The project is organized as follows, per LucidChart diagram:

-
(A) A Lambda function (
get-iss-position) deployed through a Docker image runs hourly through an EventBridge trigger, pulling GPS location data of the International Space Station via NASA's Open Notify API. The extracted data is deposited as a parquet in a S3 bucket (iss-position). -
(B) A Glue ETL (
iss-daily-avg-speed) is triggered by EventBridge at 1:30 AM UTC daily, taking in GPS data for the previous day from theiss-positionS3 bucket, then using PySpark the compute the average hourly speed travelled by the ISS in that previous day. The computed average hourly speed for the previous day is written as a parquet to a separate S3 bucket (iss-avg-speed) -
(C) Two tables are initialized in a Redshift Serverless data warehouse,
iss_last_positionandiss-avg-speed, to query the previous day's last recorded location + average hourly speed respectively. A Lambda function (update-redshift-tables) is triggered to run everytime theiss-avg-speedS3 bucket is updated, inserting the previous day's last recorded location and hourly speed into their respective Redshift tables. -
(D) The two Redshift tables feed a Google Looker Studio dashboard, visualizing the trend in average hourly speed in the past week, and the last recorded positions of the ISS in the past three days. Note that due to the cost of maintaining the Redshift Serverless data warehouse, the dashboard is currently fed by static csv files exported from the Redshift tables before I took down the warehouse.

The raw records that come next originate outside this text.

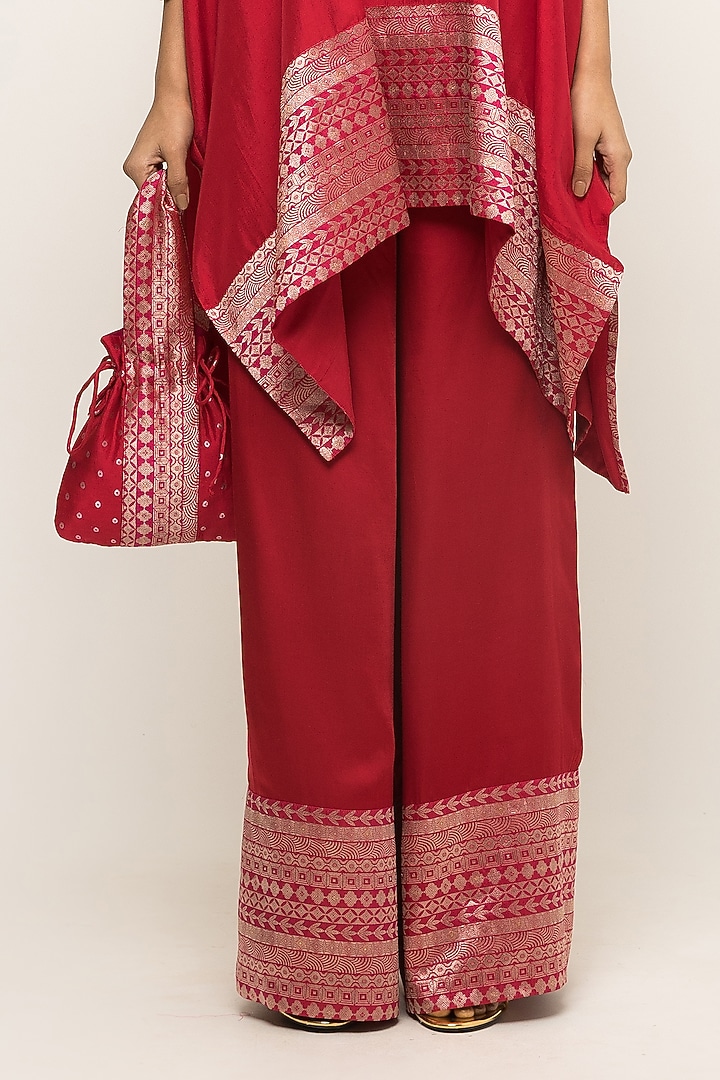 Red Pure Silk Asymmetric Kurta Set by Sobariko at Pernia's Pop Up Shop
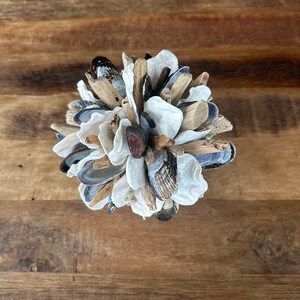 May include: A decorative sphere made of white and blue seashells and driftwood. The sphere is arranged in a cluster of shells and wood.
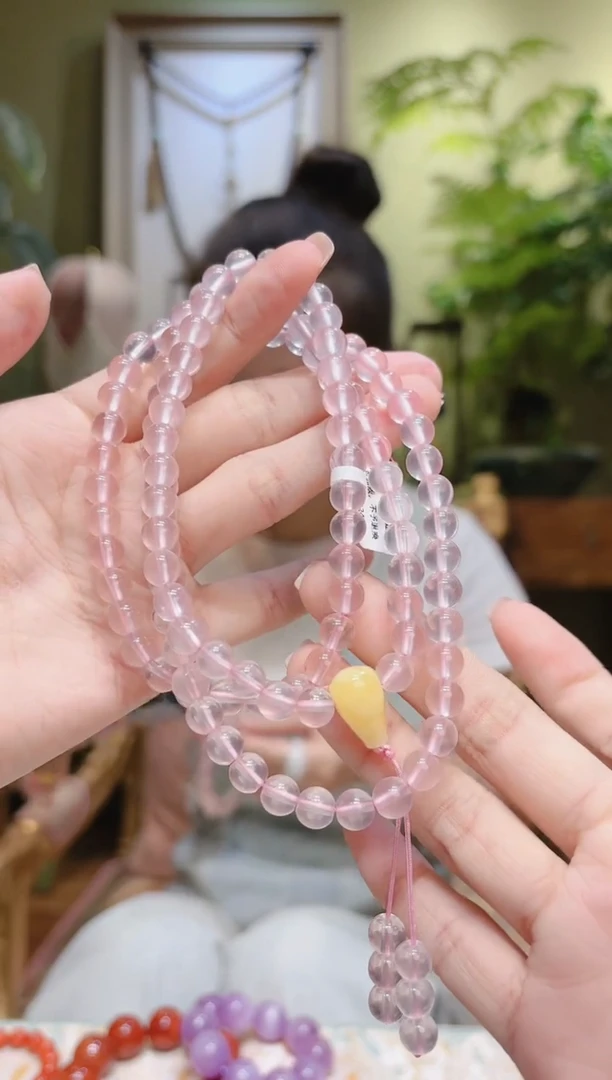 【闪购商品】水晶项链未镶嵌蜜蜡三通粉水晶项链108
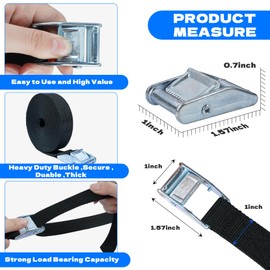 MELOTOUGH Cam Buckle 1 inch Tie Downs Buckle Cam Straps 10 pcs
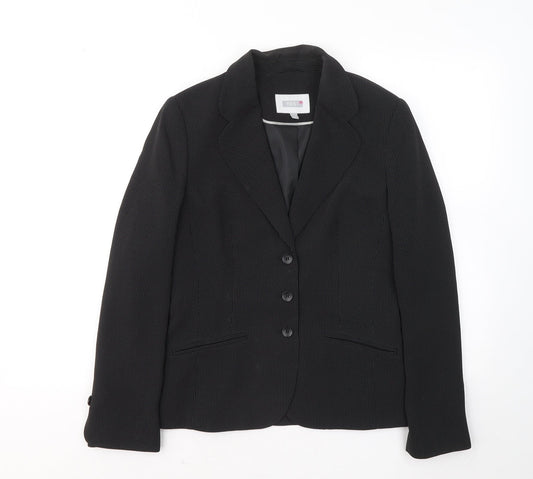 NEXT Womens Black Geometric Jacket Blazer Size 10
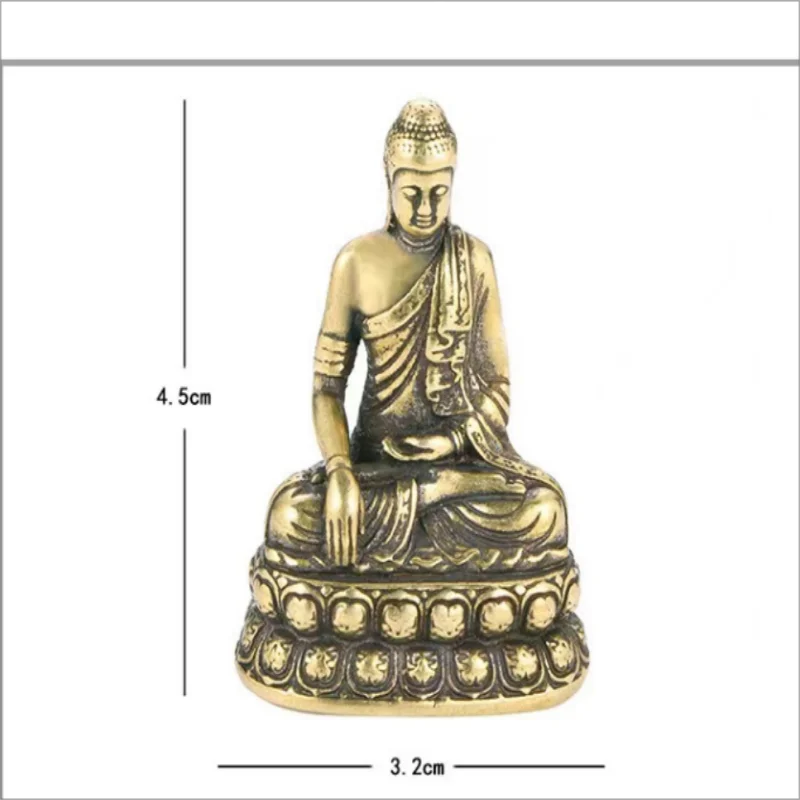 Vintage Shakyamuni-Figur aus Messing - Massive Miniatur-Skulptur mit detailliertem, strukturiertem Design, antike Ausführung, Dekoration für Zuhause – Detail 1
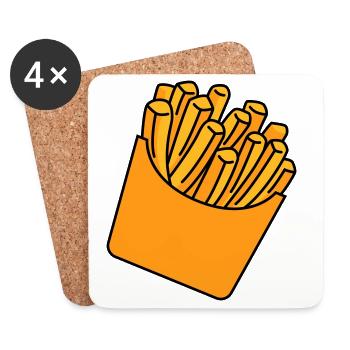 French Fries Illustration - Coasters (set of 4) - white - Front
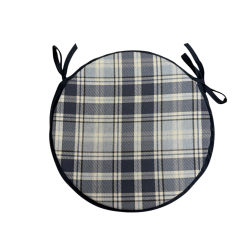 Highland Check Denim Round Bistro Seat Pads | Tartan Round Chair Pads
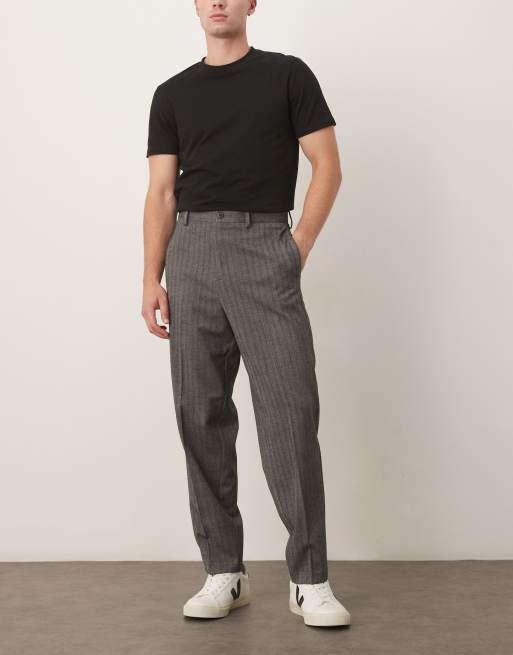 ASOS DESIGN - Pantaloni sartoriali comodi affusolati neri a spina di pesce, 2 di 5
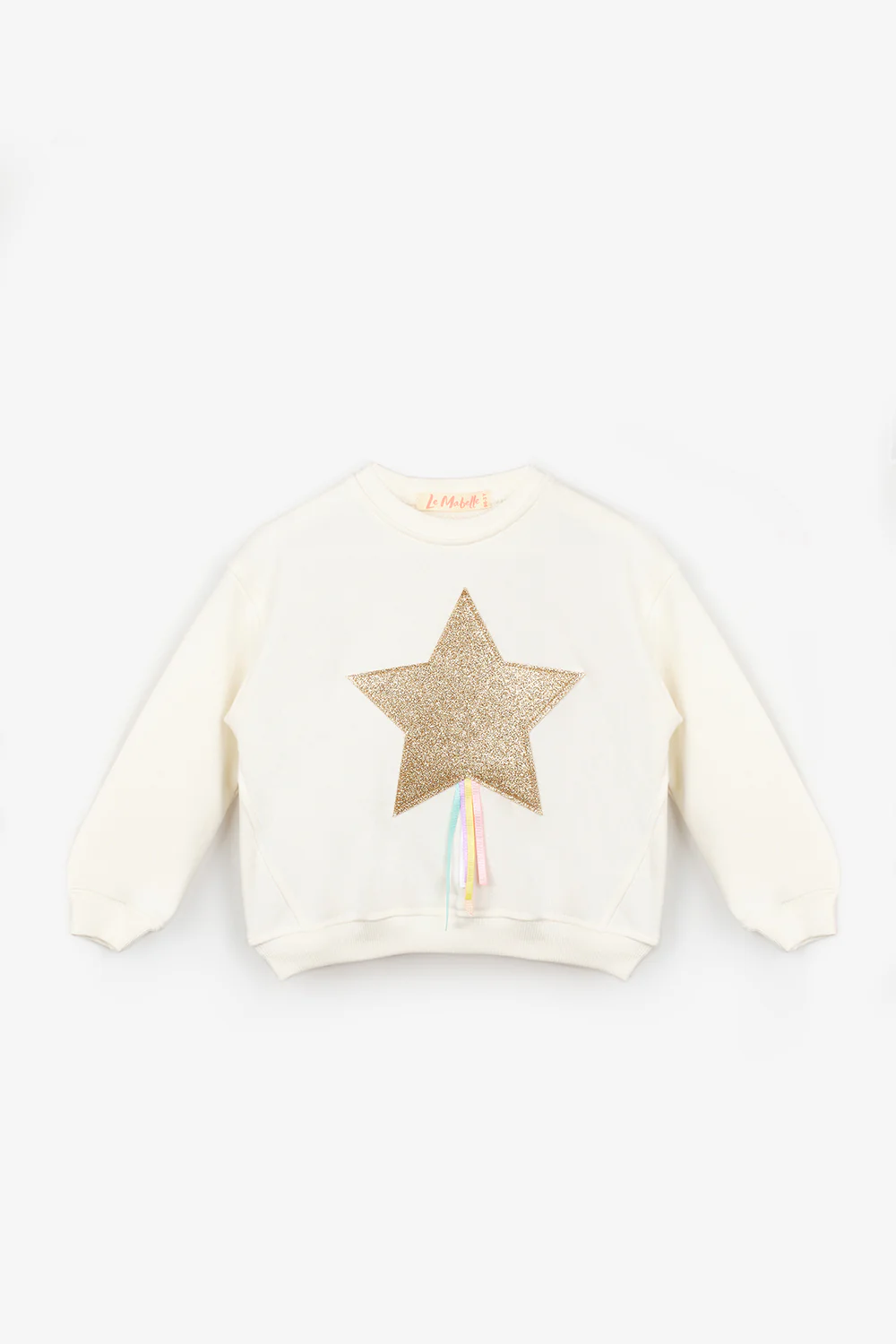 Beyaz  Yıldız Nakışlı Kurdele Detaylı Kız Çocuk Sweatshirt - Image 4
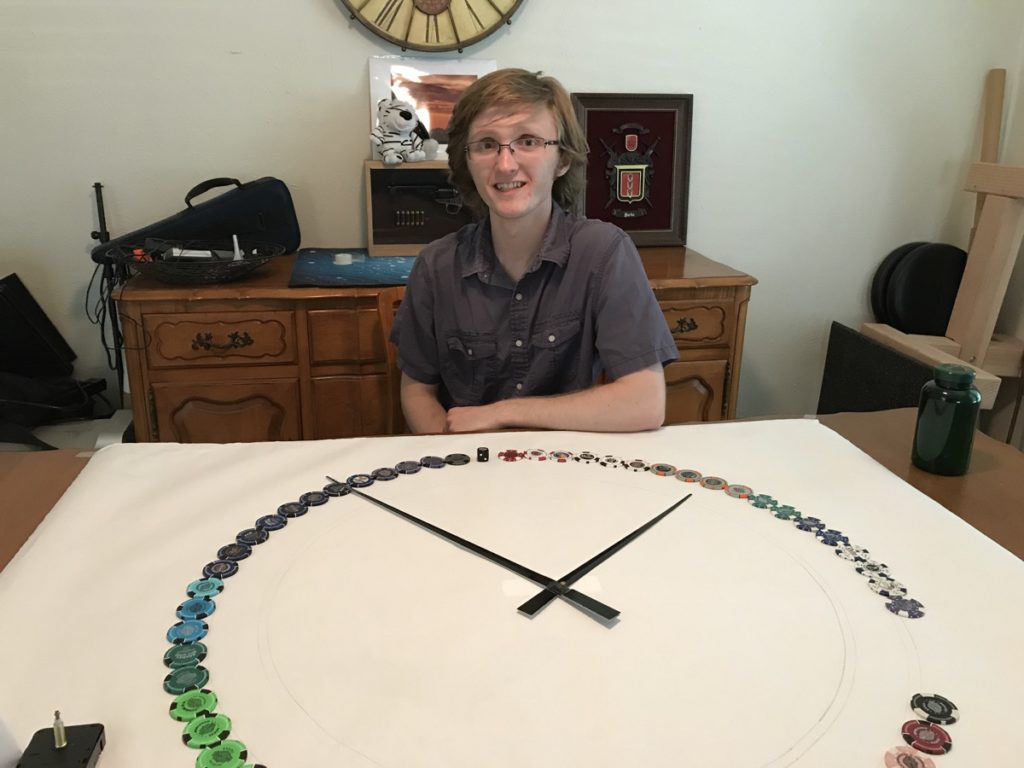 Ben with paper clock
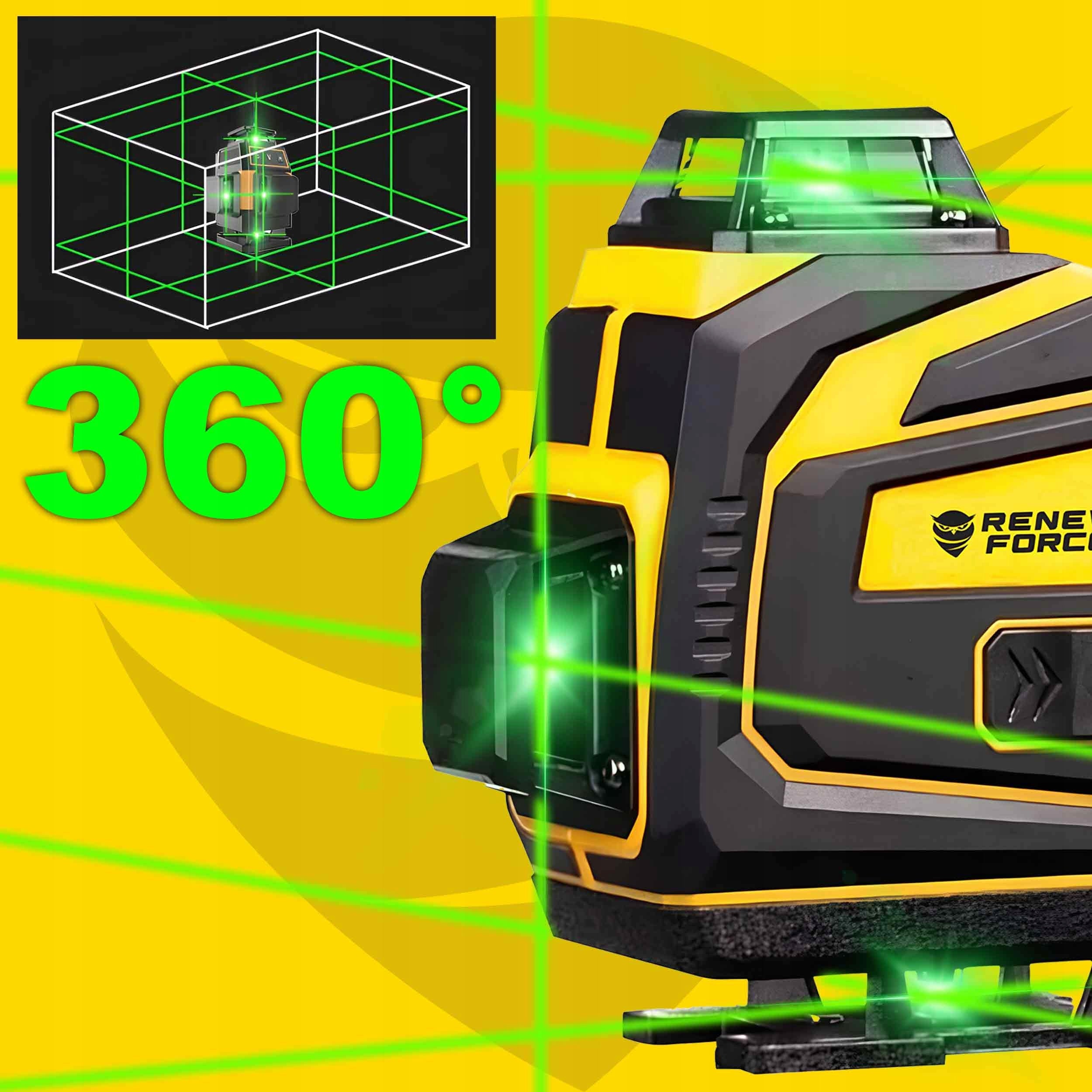 LASER LEVEL 360 PLANE 3D CROSS LASER PRO GREEN CASE Brand Renew Force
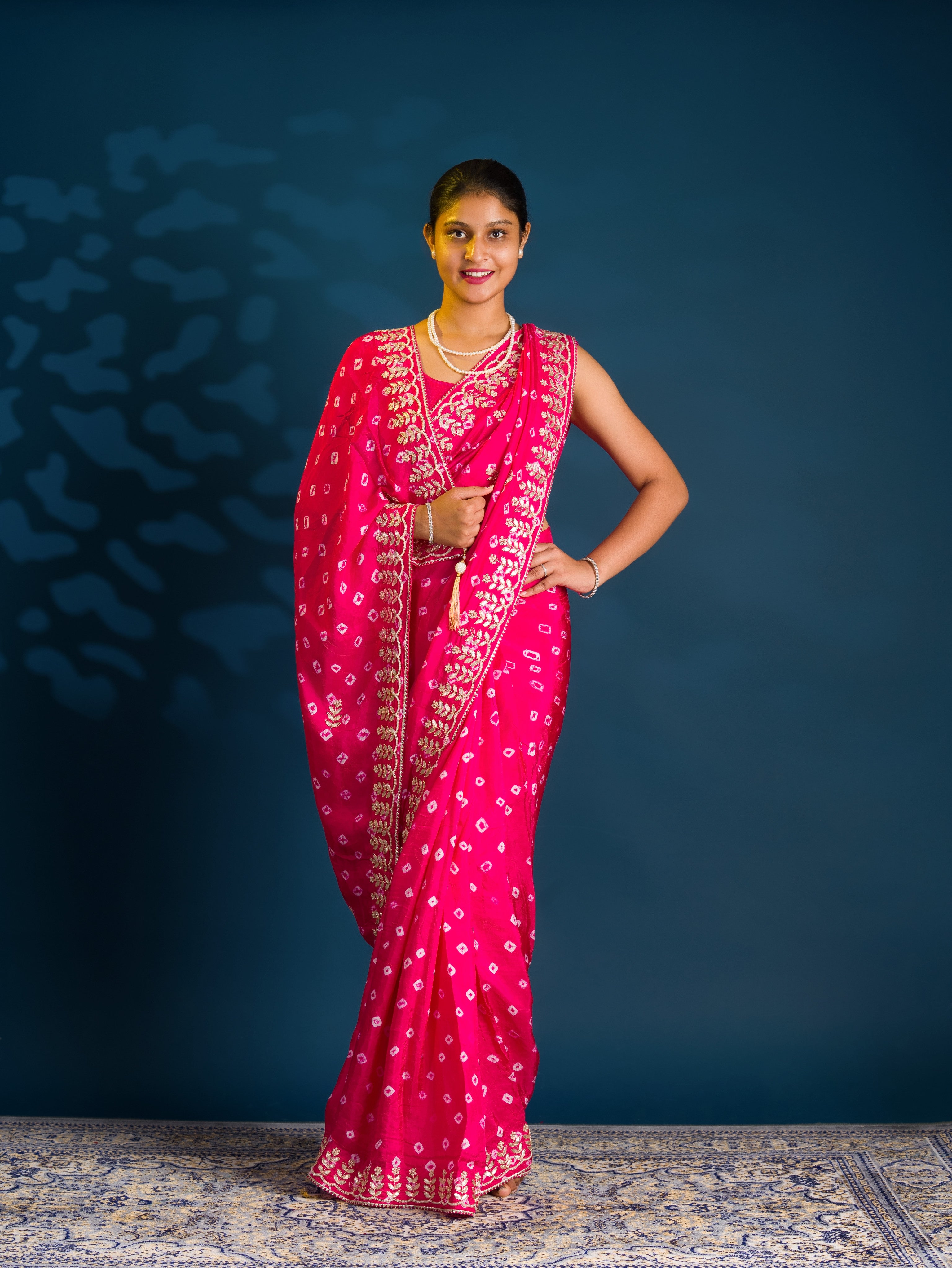 By Bandhani Saree With Cutdana gotapatti work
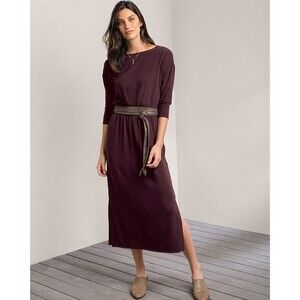 Garnet Hill Bateau Neck Knit Midi Dress med Side Slit Pockets Elastic Waistband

- Docker engine set-up locally: https://docs.docker.com/engine/install/
- AWS CLI configured for use with your AWS account (ex: with an access key assigned to your IAM user): https://docs.aws.amazon.com/cli/latest/userguide/getting-started-quickstart.html
These steps outline how to programatically deploy this project to your AWS account.
- Clone this repo to your machine and switch directory to the repo
git clone https://github.com/Jason-B-Jiang/where-is-iss.git
cd where-is-iss
- Open config.txt and fill in your AWS region, AWS account ID, as well as desired admin username and password for Redshift data warehouse. For example:
AWS_REGION=us-east-1
AWS_ACCOUNT_ID=123456789012
REDSHIFT_ADMIN_PW=Abcd1234
REDSHIFT_ADMIN_USER=admin
- Run the set-up script to automatically deploy this project, with all necessary AWS resources + IAM roles as needed. Important note: certain docker steps in the script run with sudo - please enter your system password whenever prompted
chmod u+x SETUP.sh
./SETUP.sh
- (Optional) Invoke lambda function and Glue job to test
# Invoke Lambda function - should write to S3 bucket called "iss-location"
aws lambda invoke --function-name get-iss-position response.json
# Delete json response file
rm response.json
# Invoke Glue job - make note of JobRunId for tracking
# Should write to S3 bucket called "iss-daily-avg-speed"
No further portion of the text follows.